Tender is the Night

I first read The Great Gatsby in high school. I stole the book. It still sits on my shelf. Later, I watched the Jack Clayton adaption, written by Francis Ford Coppola, and I look forward to seeing the Baz Luhrmann one, too. Later still, I played the great Gatsby video game. Somewhere between the movie and the game, I’d also read the book a second time, and maybe a third time. I still get the itch to pick it up and read it (or load it onto my ereader). It’s a great novel, and a short one. But it wasn’t until a few years ago, i.e. about a decade after high school, that I read anything else by F. Scott Fitzgerald:Tender Is The Night. It was nothing like Gatsby, not as elegantly written and not as compact, which made it a disappointment, but that’s about as smart a reaction as hating cats because they’re not dogs. Time passes. I remember Gatsby as a whole.

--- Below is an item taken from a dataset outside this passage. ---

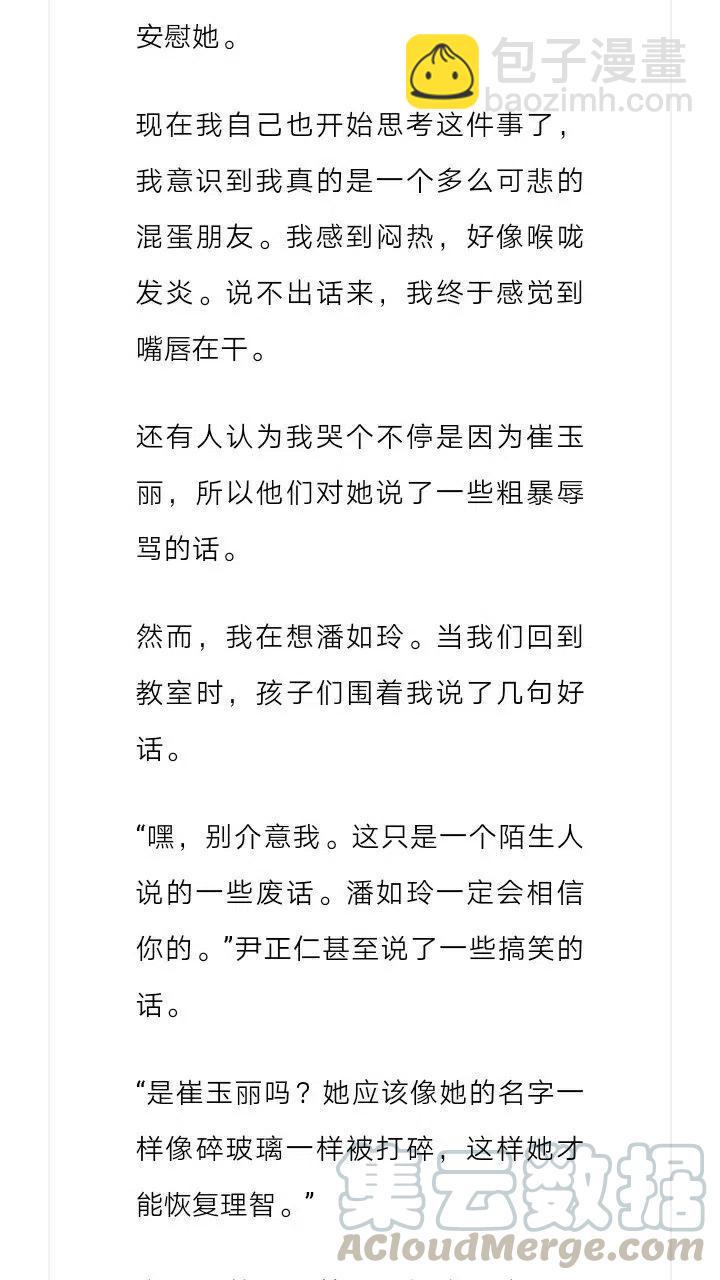 《小说版元素法则》第153章 第10页
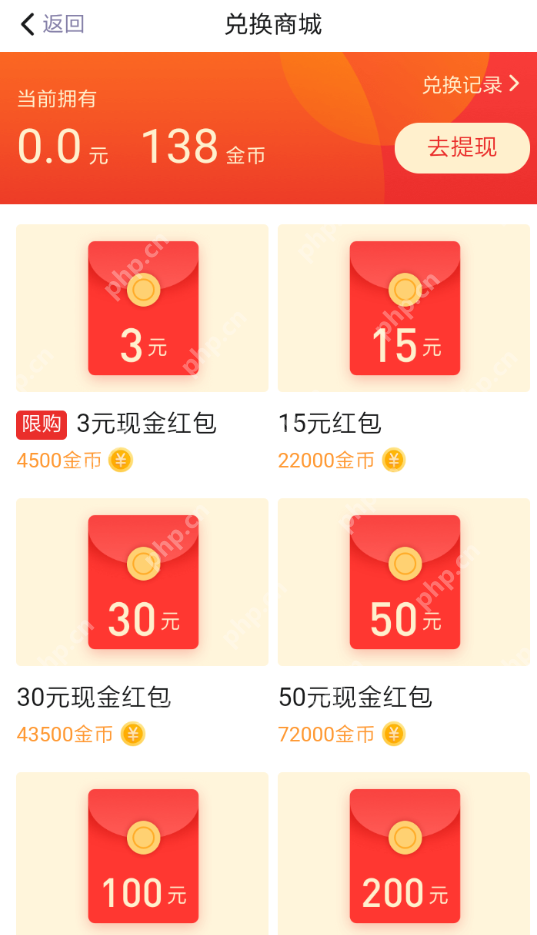 在天天快报里怎么获取金币？天天快报获取金币的方法介绍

I remember impressions from Tender Is The Night. Impress yourself with this:

Nicole seized Dick’s arm crying, “Look!” Dick turned in time to see what took place in half a minute. At a Pullman entrance two cars off, a vivid scene detached itself from the tenor of many farewells. The young woman with the helmet-like hair to whom Nicole had spoken made an odd dodging little run away from the man to whom she was talking and plunged a frantic hand into her purse; then the sound of two revolver shots cracked the narrow air of the platform. Simultaneously the engine whistled sharply and the train began to move, momentarily dwarfing the shots in significance. Abe waved again from his window, oblivious to what had happened. But before the crowd closed in, the others had seen the shots take effect, seen the target sit down upon the platform.

I have the urge to read both novels again.